> _Records provided_:
^^^^
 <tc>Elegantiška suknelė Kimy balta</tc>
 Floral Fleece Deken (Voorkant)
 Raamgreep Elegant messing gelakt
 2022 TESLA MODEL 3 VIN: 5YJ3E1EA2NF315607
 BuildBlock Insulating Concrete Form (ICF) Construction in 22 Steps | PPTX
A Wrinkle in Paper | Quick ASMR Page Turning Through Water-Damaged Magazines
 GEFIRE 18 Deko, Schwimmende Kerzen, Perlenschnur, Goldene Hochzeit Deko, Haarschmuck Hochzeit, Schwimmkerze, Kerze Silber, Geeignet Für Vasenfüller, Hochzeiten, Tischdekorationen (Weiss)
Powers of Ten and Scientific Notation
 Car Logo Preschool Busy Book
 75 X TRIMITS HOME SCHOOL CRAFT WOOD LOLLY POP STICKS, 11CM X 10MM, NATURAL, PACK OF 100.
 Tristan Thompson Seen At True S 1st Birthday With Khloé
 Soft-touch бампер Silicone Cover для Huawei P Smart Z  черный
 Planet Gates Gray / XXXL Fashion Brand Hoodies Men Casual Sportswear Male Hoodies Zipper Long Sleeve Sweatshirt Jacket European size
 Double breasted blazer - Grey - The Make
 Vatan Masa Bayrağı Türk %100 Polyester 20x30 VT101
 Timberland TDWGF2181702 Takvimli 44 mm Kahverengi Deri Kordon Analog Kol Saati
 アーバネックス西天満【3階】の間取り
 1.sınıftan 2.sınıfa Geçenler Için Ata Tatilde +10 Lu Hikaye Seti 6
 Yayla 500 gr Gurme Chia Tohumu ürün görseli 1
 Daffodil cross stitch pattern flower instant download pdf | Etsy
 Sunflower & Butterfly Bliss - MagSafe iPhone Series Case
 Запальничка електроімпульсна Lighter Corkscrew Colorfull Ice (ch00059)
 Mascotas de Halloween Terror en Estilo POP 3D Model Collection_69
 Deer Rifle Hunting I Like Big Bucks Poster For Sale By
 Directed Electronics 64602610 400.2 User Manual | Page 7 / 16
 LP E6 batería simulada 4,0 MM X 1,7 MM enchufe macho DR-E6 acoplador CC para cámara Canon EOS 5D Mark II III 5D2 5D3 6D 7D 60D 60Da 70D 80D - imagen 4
^^^^
> _What is expected_:
Show the lines of the records that include the string "Page".

> _Final answer_:
A Wrinkle in Paper | Quick ASMR Page Turning Through Water-Damaged Magazines
 Directed Electronics 64602610 400.2 User Manual | Page 7 / 16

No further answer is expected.